En conclusion, il ressort qu’il y ait consensus sur les balises prioritaires suivantes par rapport aux points de la Charte :

  1. Pour commencer, il est important de créer un environnement inclusif pour les élèves, les membres du personnel, les intervenant.e.s extérieur.e.s et les parents en prenant en considération toutes les identités qui peuvent être multiples, en luttant contre les discriminations, en respectant la diversité des familles et des élèves, en garantissant le droit à l’intimité de chaque personne et en dégenrant les productions internes, les jouets, les activités culturelles, artistiques et sportives.

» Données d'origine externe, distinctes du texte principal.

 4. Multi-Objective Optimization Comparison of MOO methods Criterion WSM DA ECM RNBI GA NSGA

  • De même, il faut éduquer et former les membres du personnel et les élèves à la diversité liée aux identités de genres et aux orientations sexuelles en informant que chacun a une identité de genre et une orientation sexuelle qui lui est propre et ne se conforme pas nécessairement au modèle dominant. En sensibilisant le personnel éducatif et les élèves, quel que soit l’âge, et les outiller à repérer les discriminations et toutes les formes de harcèlement. En adoptant l’orthographe inclusive dans les communications de l’école, en outillant les enseignants à adopter une attitude critique face aux manuels et outils pédagogiques peu inclusifs et en mettant en place des animations et formations en collaboration avec les associations spécialisées qui souscrivent à notre charte.
  • Il est important de rendre visible le projet de lutte contre les discriminations liées aux identités de genres et aux orientations sexuelles en intégrant la lutte contre l’homo-bi-transphobie dans le ROI et le projet d’établissement, dans une logique de co-construction incluant tous les acteurs de l’école, en prenant en compte la diversité des familles, des élèves et des membres du personnel et en prévoyant une information spécifique pour les familles.

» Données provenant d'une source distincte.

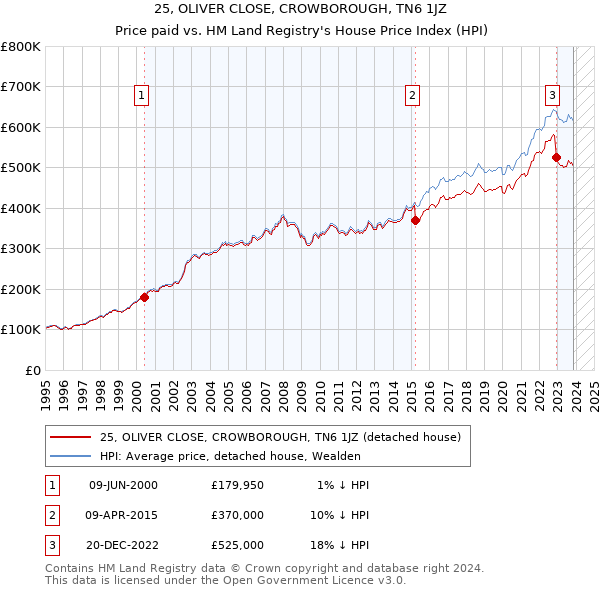 25, OLIVER CLOSE, CROWBOROUGH, TN6 1JZ: Price paid vs HM Land Registry's House Price Index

  • La prévention vaut mieux que la répression. Aussi, il faut mettre en place un accompagnement des situations d’homo-bi-transphobie en décidant d’une procédure de signalement contre les discriminations et en en informant les élèves. Il faut également identifier des personnes de confiance qui accompagneront les personnes en questionnement et traiteront toutes les plaintes en termes de discriminations et de harcèlement. Il faudra également accompagner les victimes et les personnes auteures des discriminations, par la médiation, la rencontre de tous les acteurs et, le cas échéant, appliquer des sanctions cohérentes et mesurables. Il s’agit ici d’analyser avec les directions ce que prévoit chaque règlement d’ordre intérieur et ainsi, avec les éducateurs et les élèves, de proposer des mesures visant à une reconnaissance des actes discriminants d’élèves et l’acceptation de faire évoluer positivement les élèves victimes dans un cadre sécurisé et balisé. Nous conseillons d’adopter la médiation, la communication non violente et une gestion positive des conflits.

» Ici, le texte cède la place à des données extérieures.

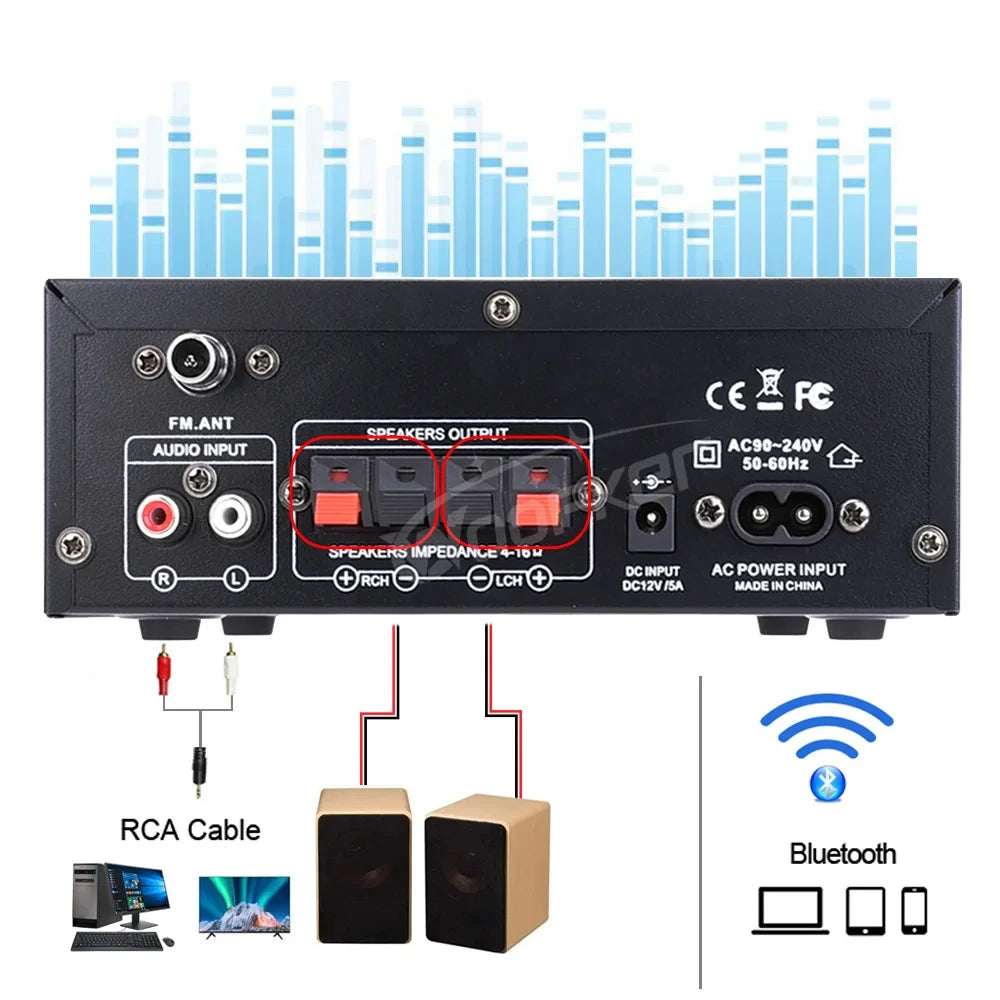 Woopker AK35 / AK45 / AK45 Pro / AK55 – Amplificateur Numérique Bluetooth 2 Canaux HiFi | FM · USB | Maison · Voiture · Karaoké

  • Enfin, il est essentiel de fonder une équipe porteuse du projet dans l’école.

5. Pour conclure : Pratico-pratiquement, comment faire ?

Nous proposons aux écoles de mettre en place un Plan triennal. Ce plan a été réfléchi de manière globale, Aux écoles à l’adapter à leur réalité. On ne devient pas Ecole Pour Tou.te.s du jour au lendemain. Il faut du temps. Ce n’est pas en faisant une campagne d’une semaine ou de 15 jours qu’un beau matin, on arrive dans une Ecole Pour Tou.te.s. Nous estimons qu’il faut trois années pour que les membres du personnel et les élèves soient informés, sensibilisés et formés à la lutte contre l’homophobie et la transphobie. De même, ce projet doit être pérenne. Chaque année, de nouveaux élèves et de nouveaux professionnels arrivent dans l’école et, de ce fait, chaque année, il faut repartir de zéro avec eux. Evidemment, cela ira de plus en plus vite au fur et à mesure que l’école aura pleinement intégré les concepts et se sera transformée afin de permettre à tou.te.s les élèves et tou.te.s les membres du personnel de pouvoir être reconnu.e.s et respecté.e.s dans leurs identités.

Ce fut un bel échange qui a duré 2 bonnes heures et demi, suivies de discussions informelles autour d’une tasse de café pendant une bonne demi-heure. Rendez-vous l’année prochaine.